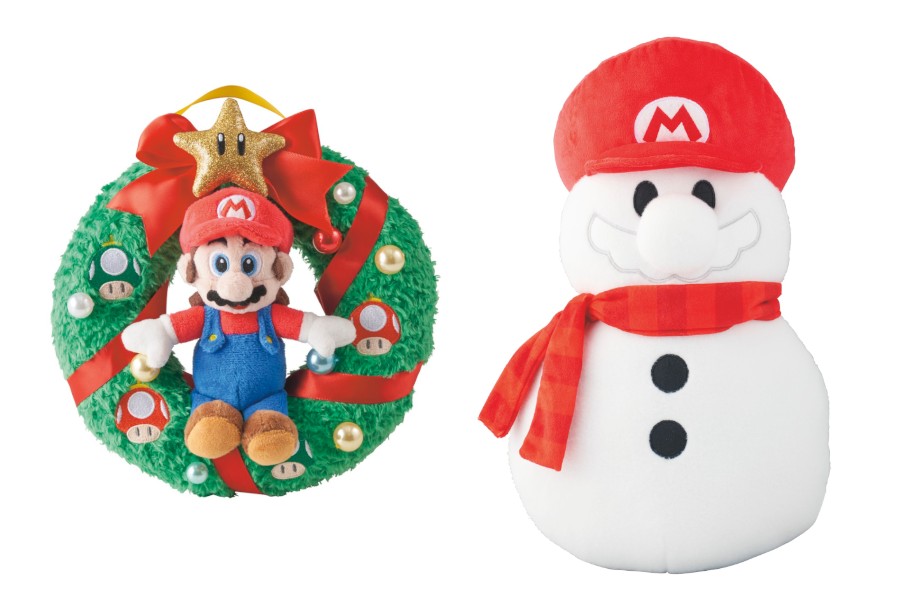 Super Nintendo World Holidays 2022 Merchandise Up For Pre-Order ...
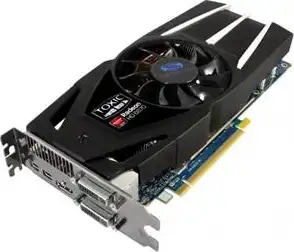 Grafička kartica Sapphire PCI-E ATI Radeon HD6870 Toxic GDDR5 1GB/256bit, 970MHz/1150MHz, HDMI, 2xD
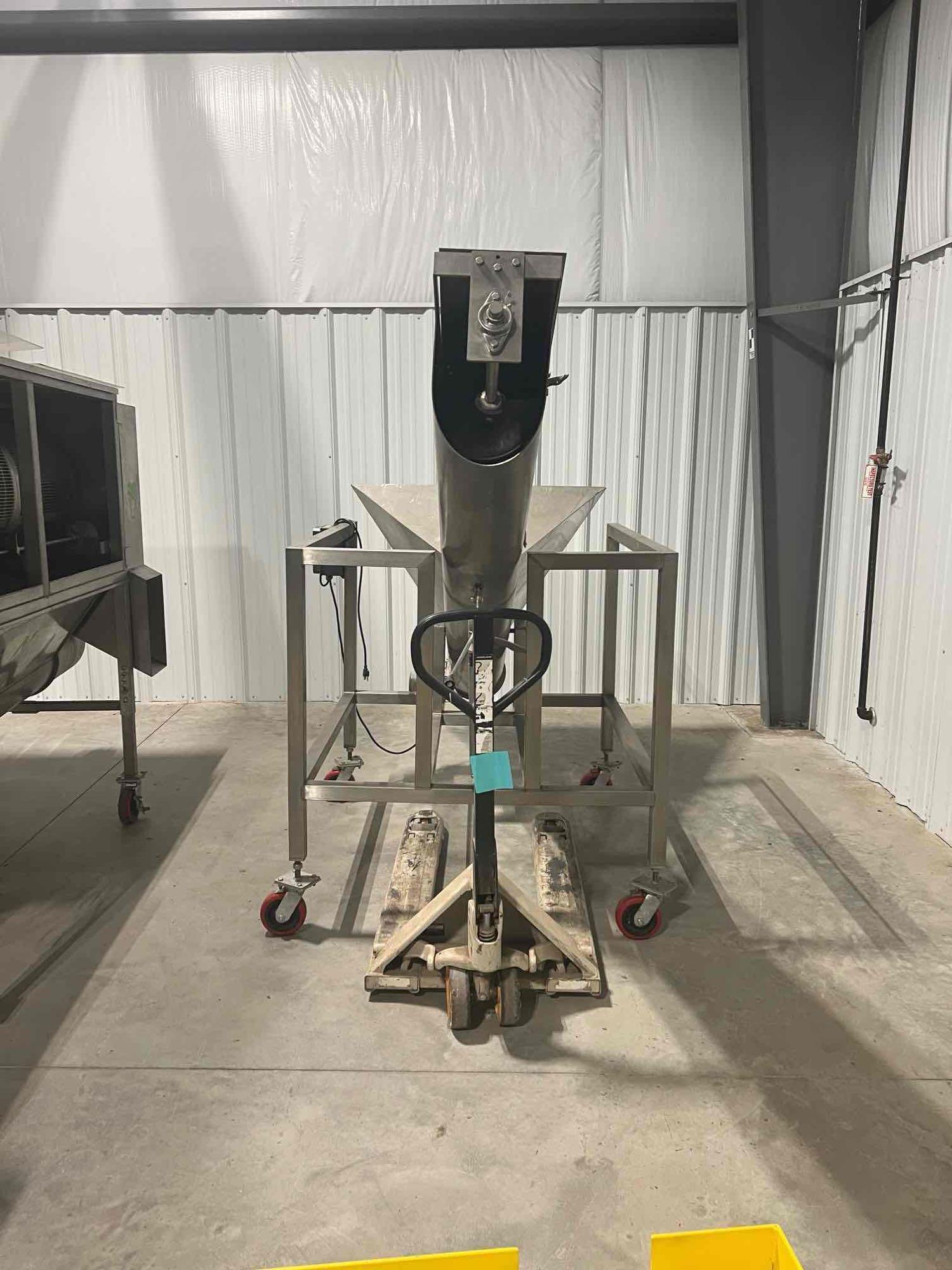 Tom Tumbler Hemp Separator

Exercise prompt - Restate the whole listing above exactly, except for its images.

Answer -
 Super Nintendo World Holidays 2022 Merchandise Up For Pre-Order ...
 Grafička kartica Sapphire PCI-E ATI Radeon HD6870 Toxic GDDR5 1GB/256bit, 970MHz/1150MHz, HDMI, 2xD
 Tom Tumbler Hemp Separator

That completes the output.